=== RAW DATA ===

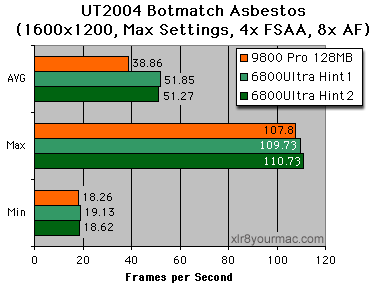 ut2004 botmatch 16x12 4x fsaa/8x AF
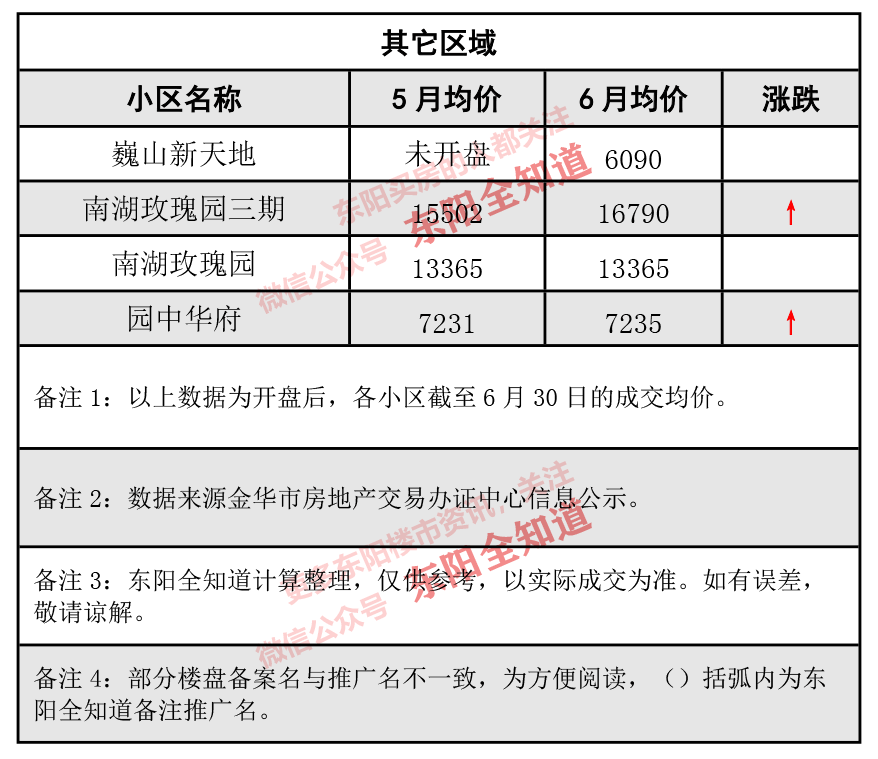 東陽房價動態(tài)解析，市場走勢、觀點闡述與最新資訊分享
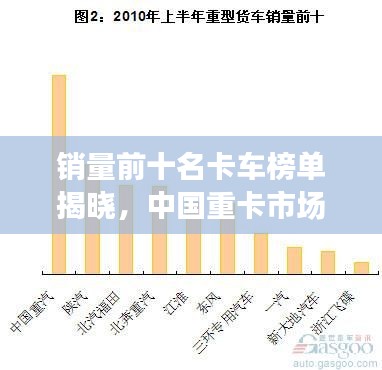 销量前十名卡车榜单揭晓，中国重卡市场格局与趋势深度解析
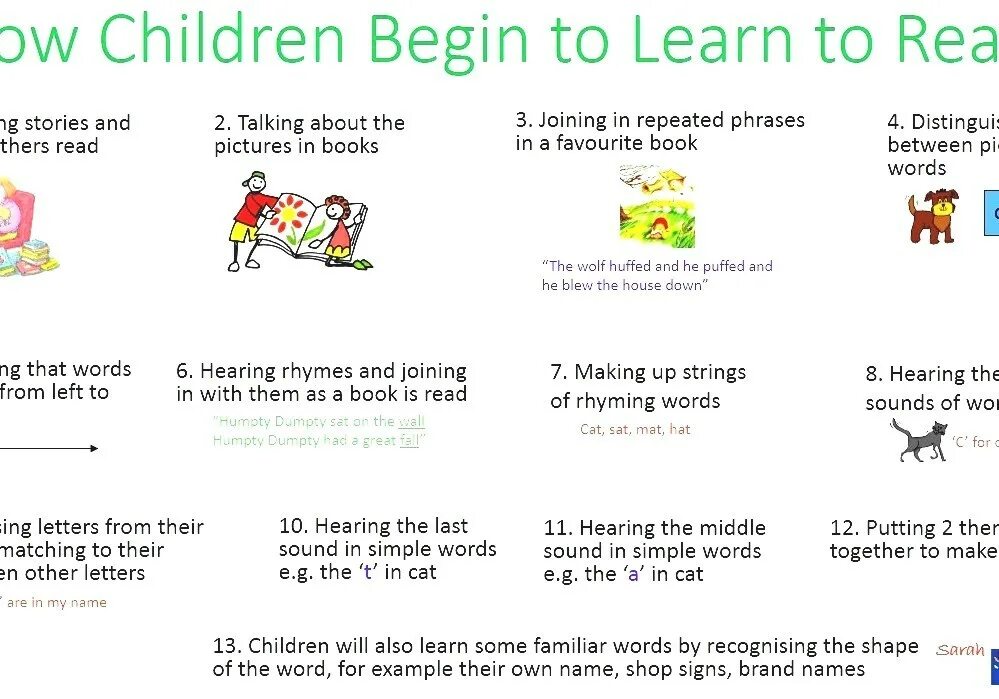 Learn to read. How to learn child to read. How to learn children reading. Kids learn to read.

===

HOW TO COMPLETE THIS TASK: An exact copy of all the lines above is required, with the pictures removed.

SOLUTION FOR THIS EXERCISE:
 ut2004 botmatch 16x12 4x fsaa/8x AF
 東陽房價動態(tài)解析，市場走勢、觀點闡述與最新資訊分享
 销量前十名卡车榜单揭晓，中国重卡市场格局与趋势深度解析
 Learn to read. How to learn child to read. How to learn children reading. Kids learn to read.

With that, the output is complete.